Hughes also repeated his support for a new state prison at Hagerstown and for a mandatory one-year prison term for possessing an unregistered handgun.

He said the anticrime package was drafted in close consultation with the leadership of the state House and Senate and the chairmen of the two key committees that review the crime bills.

With the new anticrime package, disclosed at his regular statehouse press conference, Hughes moved a step into political territory claimed by the man considered his most likely 1982 election challenger, Anne Arundel County Executive Robert A. Pascal.

Pascal, a two-term Republican executive with a law-and-order reputation, has not officially announced he will run for governor. But he has been building bridges to influential Democrats whose support is crucial for any Republican in a state with a 3-to-1 Democratic voter registration edge.

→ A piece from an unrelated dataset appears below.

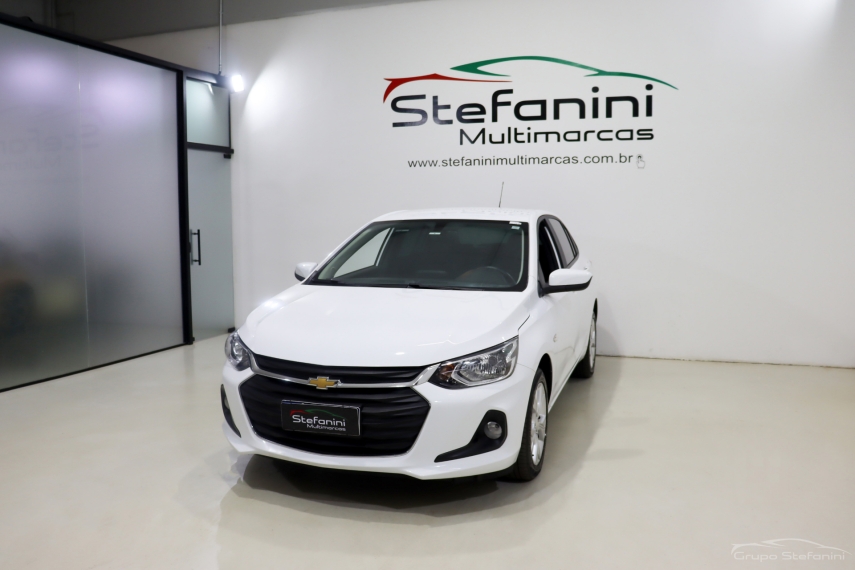 chevrolet onix 1.0 turbo flex ltz automatico 4p 2024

Hughes' anticrime proposals apparently triggered the first dispute of the 1982 campaign, prompting Pascal to declare yesterday that the governor is "a Johnny-come-lately . . . We've been advocating these things for years. The governor has spun 180 degrees on this issue."

Pascal said he had previously proposed a pay increase for state troopers who in recent years have made moves to join two separate unions because of dissatisfaction with low pay. Pascal also said he has long advocated stricter rules for trying young persons in juvenile courts, where penalties are lighter than in adult courts.

"I welcome Hughes' belated support," Pascal said.

Hughes said at his press conference that "it would be too cynical" to call his anticrime measures politically motivated. "I really haven't heard any of Mr. Pascal's speeches."

Concern over crime, perceived as an important issue with voters, has produced an outpouring of tough anticrime bills in the General Assembly, which convenes next month, including measures to stiffen penalties, aid crime victims, crack down on bail-jumpers and sweep drunken drivers off Maryland highways.

"There's a lot of frustration on the part of many citizens," said Del. Joseph Owens (D-Montgomery), chairman of the House Judiciary Committee. "Politicians are going to try to allay those fears, so I guess you could say it's because of the election year."